### [Information supplied]

Segment Open

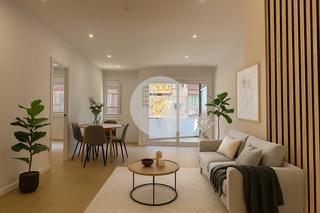 Piso en La Nova Esquerra de l´Eixample. Piso reformado con mucho encanto situado en la nova esquerra de
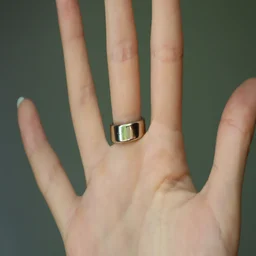 The Oura ring 5 being worn on someone's middle finger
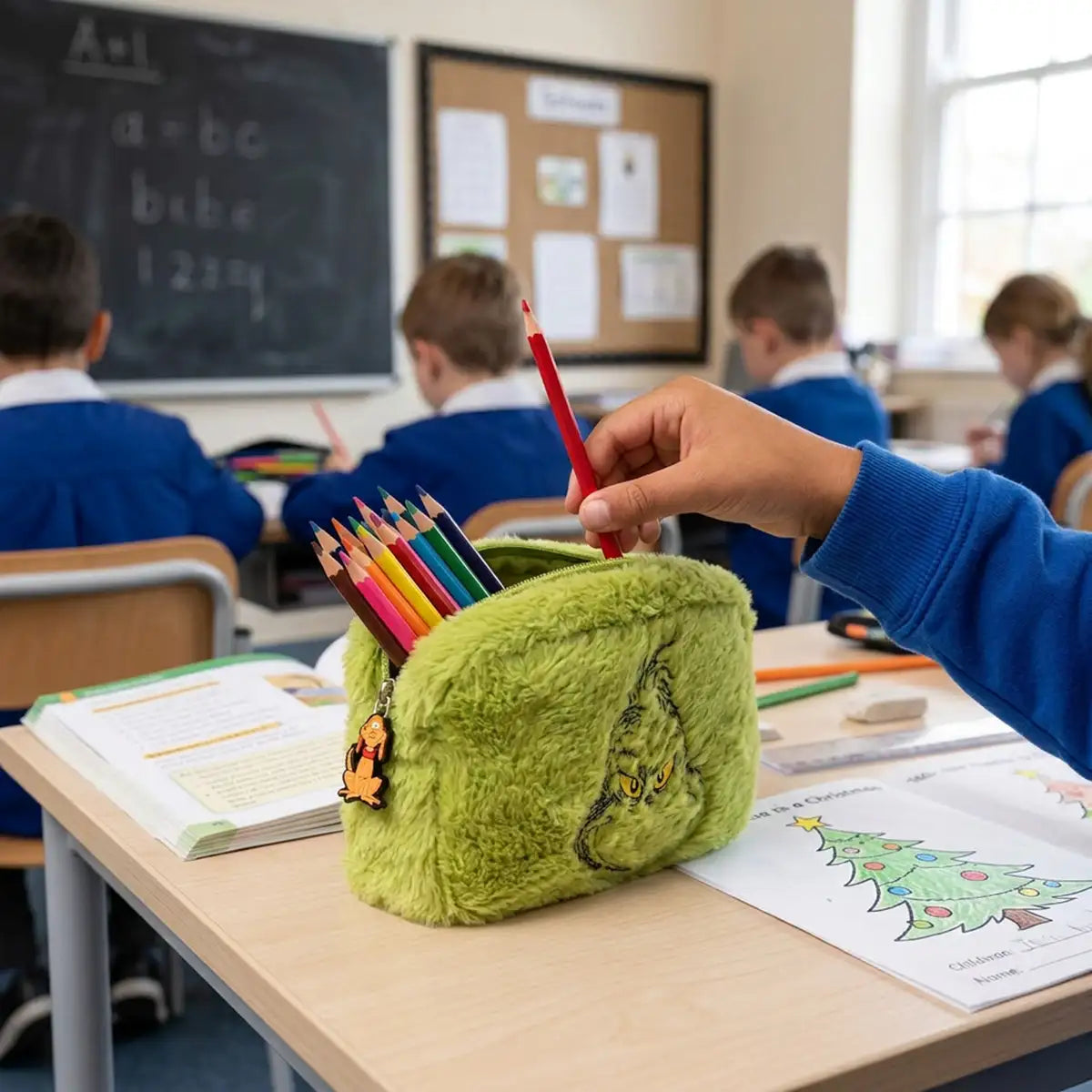 Astuccio Pencil Case in Peluche The Grinch – Colourbook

Segment Closed

### [What the exercise asks]
Output the whole listing again, exactly, without its pictures.

### [Answer for the task]
 Piso en La Nova Esquerra de l´Eixample. Piso reformado con mucho encanto situado en la nova esquerra de
 The Oura ring 5 being worn on someone's middle finger
 Astuccio Pencil Case in Peluche The Grinch – Colourbook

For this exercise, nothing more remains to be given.